** MATERIAL SUPPLIED **

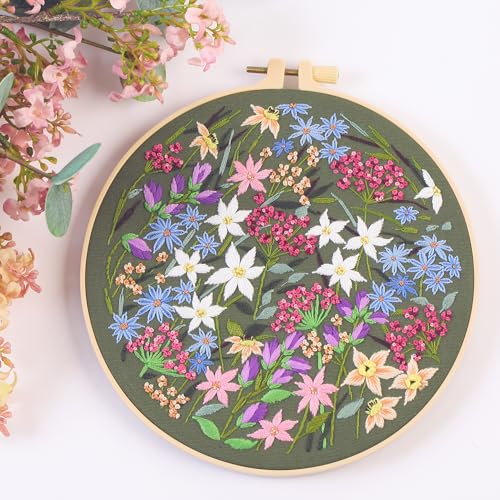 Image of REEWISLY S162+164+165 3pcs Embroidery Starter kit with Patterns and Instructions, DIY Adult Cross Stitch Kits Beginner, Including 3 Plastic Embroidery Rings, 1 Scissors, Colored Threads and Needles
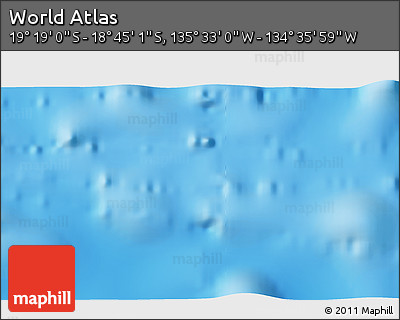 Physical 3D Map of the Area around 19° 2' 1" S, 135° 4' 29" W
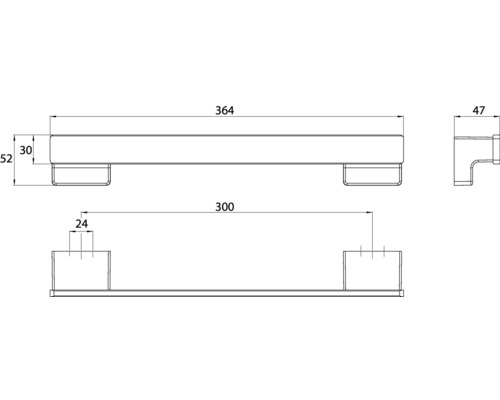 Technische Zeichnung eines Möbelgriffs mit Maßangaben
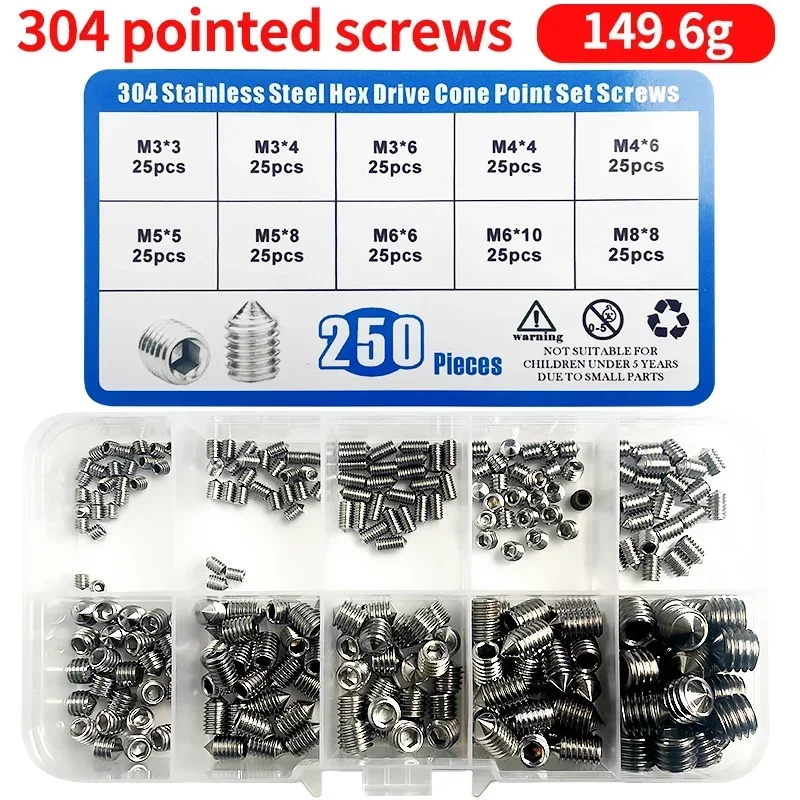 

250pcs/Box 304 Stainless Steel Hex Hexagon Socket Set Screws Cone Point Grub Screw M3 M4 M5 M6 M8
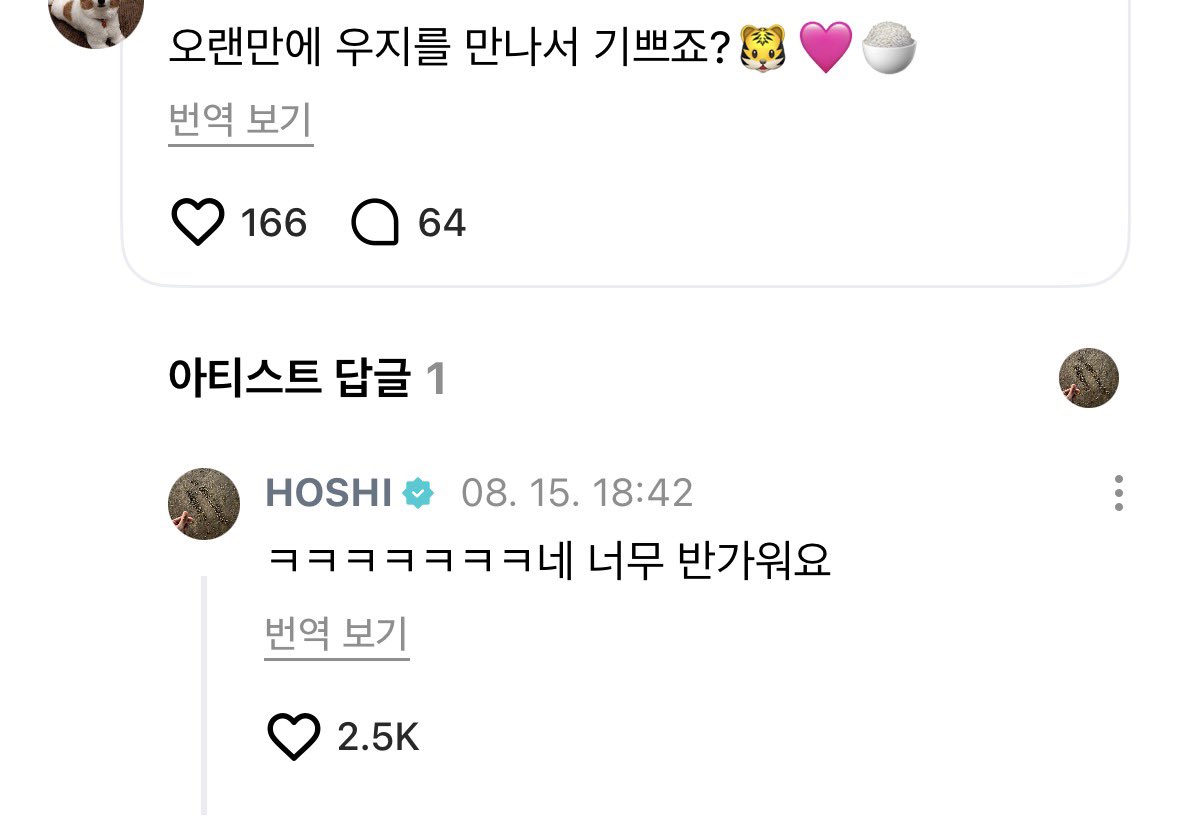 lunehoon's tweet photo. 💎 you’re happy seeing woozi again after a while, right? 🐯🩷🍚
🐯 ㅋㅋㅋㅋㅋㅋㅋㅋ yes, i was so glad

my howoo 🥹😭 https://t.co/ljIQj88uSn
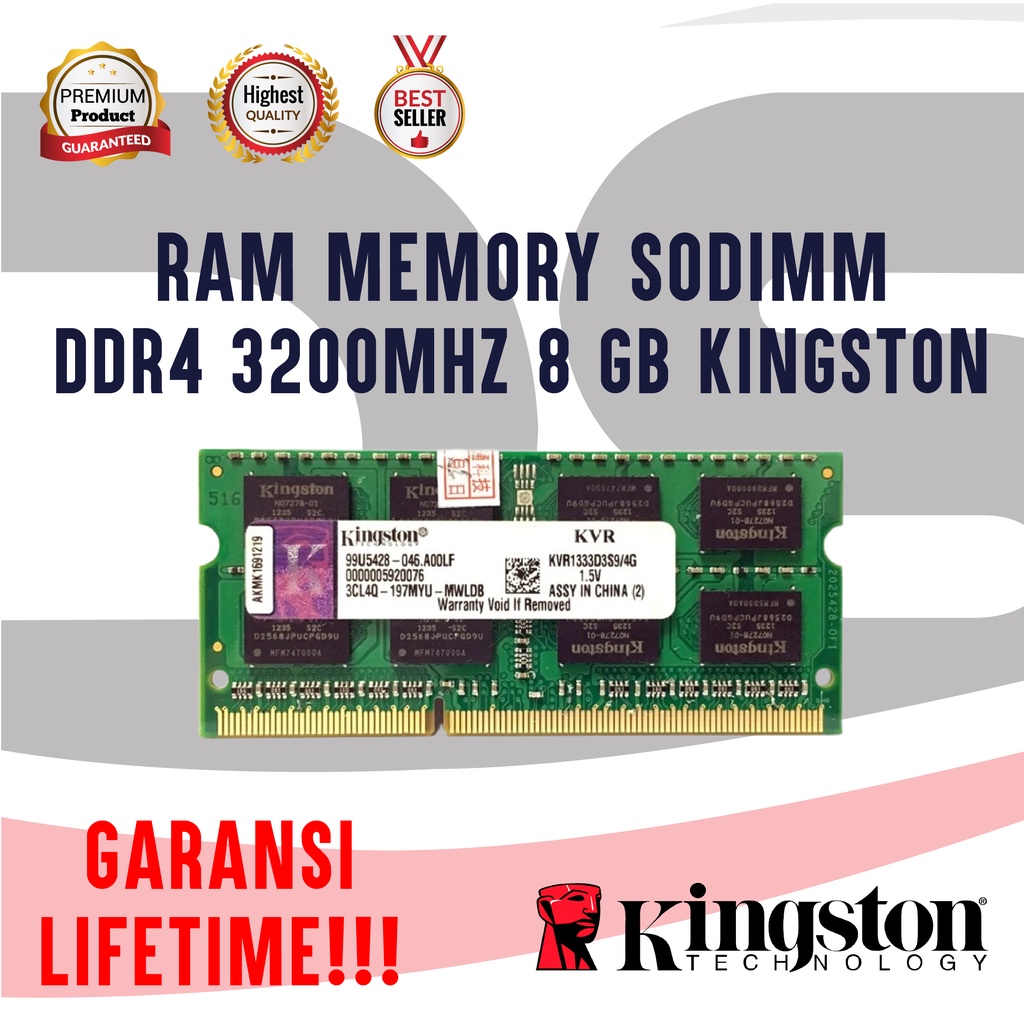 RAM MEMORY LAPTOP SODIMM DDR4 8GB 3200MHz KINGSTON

** AIM OF THE EXERCISE **
Take the lines of the material above from the first through the one containing "my howoo 🥹😭 https://t.co/ljIQj88uSn", both included, and print them exactly without the pictures.

** ANSWER TO THIS EXERCISE **
 Image of REEWISLY S162+164+165 3pcs Embroidery Starter kit with Patterns and Instructions, DIY Adult Cross Stitch Kits Beginner, Including 3 Plastic Embroidery Rings, 1 Scissors, Colored Threads and Needles
 Physical 3D Map of the Area around 19° 2' 1" S, 135° 4' 29" W
 Technische Zeichnung eines Möbelgriffs mit Maßangaben

250pcs/Box 304 Stainless Steel Hex Hexagon Socket Set Screws Cone Point Grub Screw M3 M4 M5 M6 M8
 lunehoon's tweet photo. 💎 you’re happy seeing woozi again after a while, right? 🐯🩷🍚
🐯 ㅋㅋㅋㅋㅋㅋㅋㅋ yes, i was so glad

my howoo 🥹😭 https://t.co/ljIQj88uSn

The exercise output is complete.